I do not fully understand this argument. As a starting point, I don't understand why, if the plates are close to each other, all field lines which leave one plate end up on the other. I understand that field lines can terminate on negative charges, but can't they also just go off to infinity (thinking of a positive, point charge)? Moreover, even if all the field lines from one plate did terminate on the other, I do not see why this would imply the charges on the plates are equal and opposite. I am not sure if there is a mathematically rigorous argument for this, or if this is more of an intuitive argument.

A second argument I have seen involves the fact that batteries simply transport charge. These arguments typically take the example of a battery connected directly to the two ends of a capacitor. Assuming the system starts off charge neutral, it is clear that the two plates must have equal and opposite charges -- batteries do not create/destroy charge (of course) and remain charge neutral. I have found this argument in many places on this StackExchange -- one that I particularly like is found here. While I can appreciate this simple example, it does not seem sufficient to me.

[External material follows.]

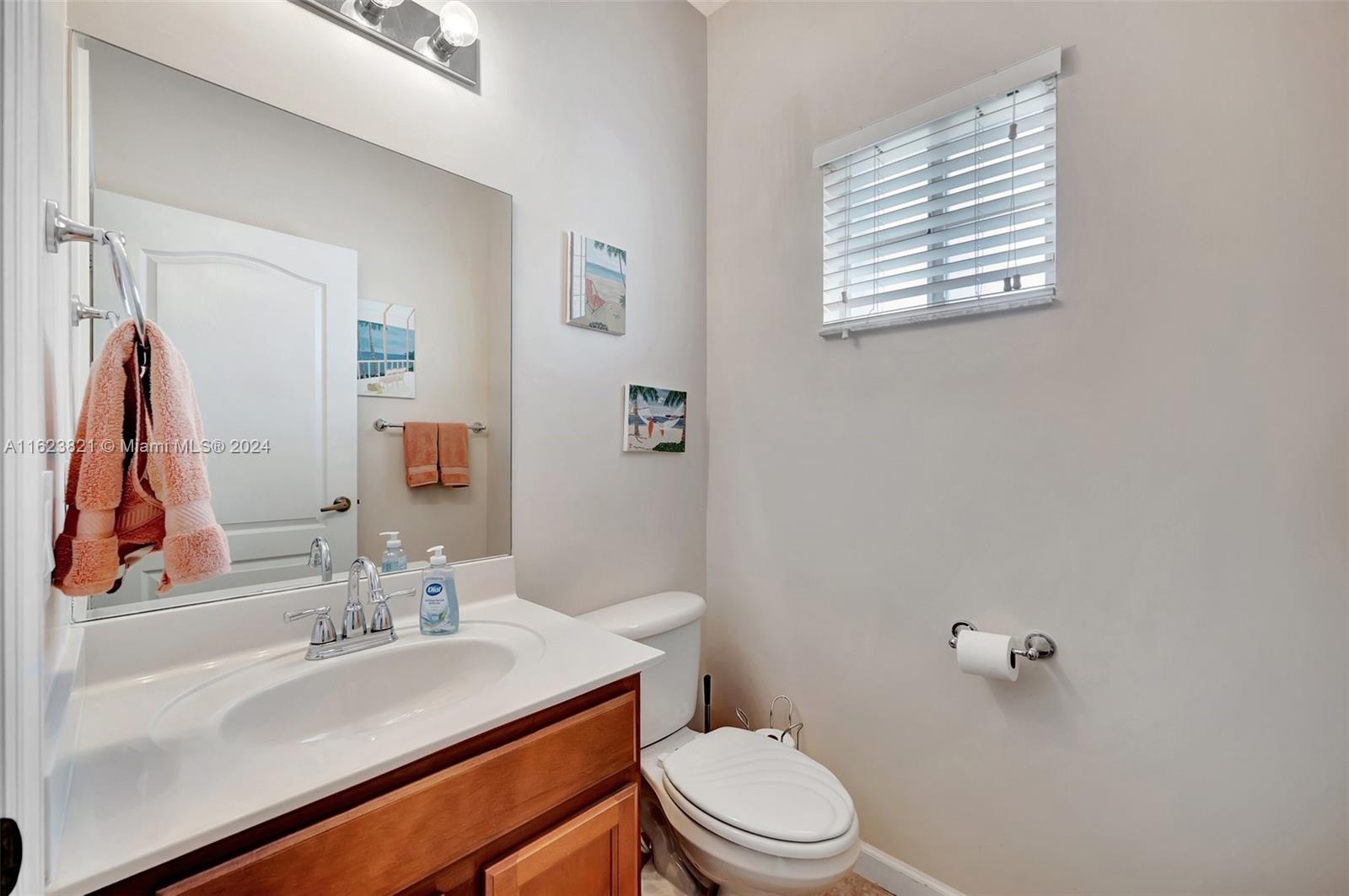 Mandarin Lakes - Residential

Consider a more complex circuit, containing multiple capacitors. I have illustrated one such circuit below, but I'm sure one can imagine even more extreme cases (many capacitors, inductors, resistors, etc.).

Now, things seem to get a little more complicated. Let's say the battery takes some charge from the bottom plate of C2 and transports it to the top plate of C1. Charge conservation is maintained, but the plates do not have equal and opposite charges. I can see one problem with this: the top plates of C2 and C1 now have different potentials, which would mean the system is not in steady state (current will flow through R1). However, I am hoping to find a justification for this that works beyond steady-state (one of my motivations for studying this is for high-frequency circuits).

This question interests me from an electrical engineering and circuits perspective. Often, when doing circuit analysis, any current that enters one of the capacitor's plates is assumed to exit the other plate. In other words, current is often envisioned traveling through the capacitor (despite the fact that no current actually flows between the two plates). Of course, this assumption is valid if the capacitor plates strictly maintain equal and opposite charges. I am just not sure why this must be true.

I have spent a while researching this and have not found concrete answers -- any help would be very much appreciated. If possible, I would really appreciate an answer that is mathematical (based on Maxwell's Equations, or other fundamental ideas). Thank you!

Answer 1

Often, when doing circuit analysis, any current that enters one of the capacitor's plates is assumed to exit the other plate.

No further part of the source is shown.